Monolithic Integration of Sub-50 nm III-V Nano-Heterostructures on Si (001) for Telecom Photonics

TL;DR

This paper demonstrates the monolithic integration of III-V nanoheterostructures on silicon for telecom photonics, enabling efficient light emission and quantum light sources in a scalable, precise manner suitable for advanced optical systems.

Contribution

It introduces a novel selective area epitaxy process for integrating III-V nanoheterostructures on silicon with atomic precision, including quantum dot-like active media for telecom applications.

Findings

Epitaxial growth confirmed by atomic resolution imaging

Emission covers entire telecom wavelength range

Potential for silicon-based nano-lasers and quantum light sources

Abstract

The demand for advanced photonics technology is increasing rapidly, fueled by the necessity for high-performance and cost-effective optical information processing systems extending into the quantum domain.
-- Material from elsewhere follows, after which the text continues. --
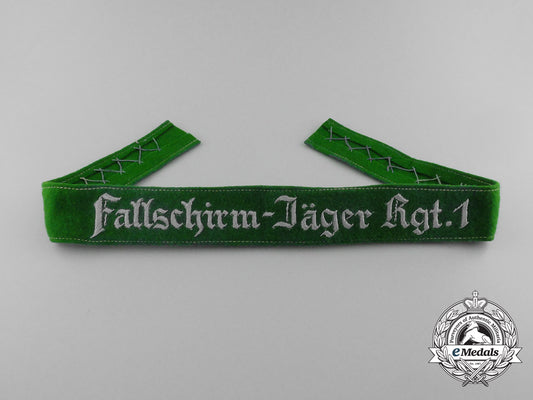 germany,_luftwaffe._a"_fallschirm-_jäger_rgt.1"_cufftitle_d_6550_2_1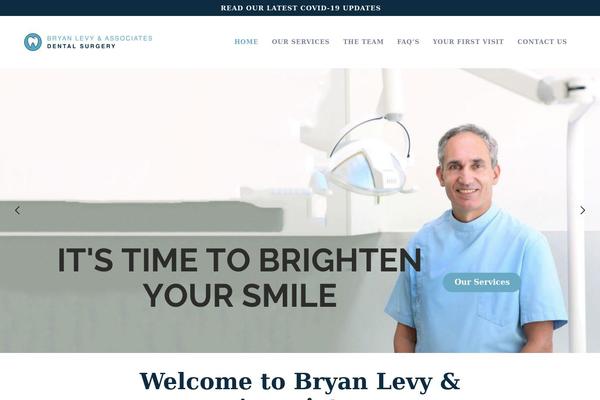 blacktowndentist.com.au site used Angela-child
Silicon, benefiting from its mature fabrication processes, stands as an ideal platform. However, its inherent indirect bandgap leads to inefficient light emission. The integration of III-V materials has been proven essential to overcome this drawback. These materials are recognized for their efficient light emission and superior bandgap engineering capabilities, making them indispensable in photonics and beyond. Here, we present the monolithic integration of small-volume III-V nanoheterostructures with silicon via selective area epitaxy in the pyramidal openings etched in (100)-oriented silicon substrate. The precise positioning of the nano-heterostructures is achieved using electron beam lithography. Our atomic resolution imaging and chemical analysis confirms the epitaxial nature of InP growth, revealing well-defined heterointerfaces. Each structure incorporates an InAsP quantum dot-like active medium, and the correlation of the growth parameters with the nanoscale structure was analyzed using advanced electron microscopy. The eight-band k.p calculations demonstrate energy level quantization in three spatial dimensions. Optical characterization shows that heterostructure emission can be engineered to cover the entire telecom wavelength range. Consequently, these InAsP/InP nano-heterostructures could serve as a gain medium for silicon-based hybrid nano-lasers and nano-LEDs and quantum light sources in the telecom wavelength range.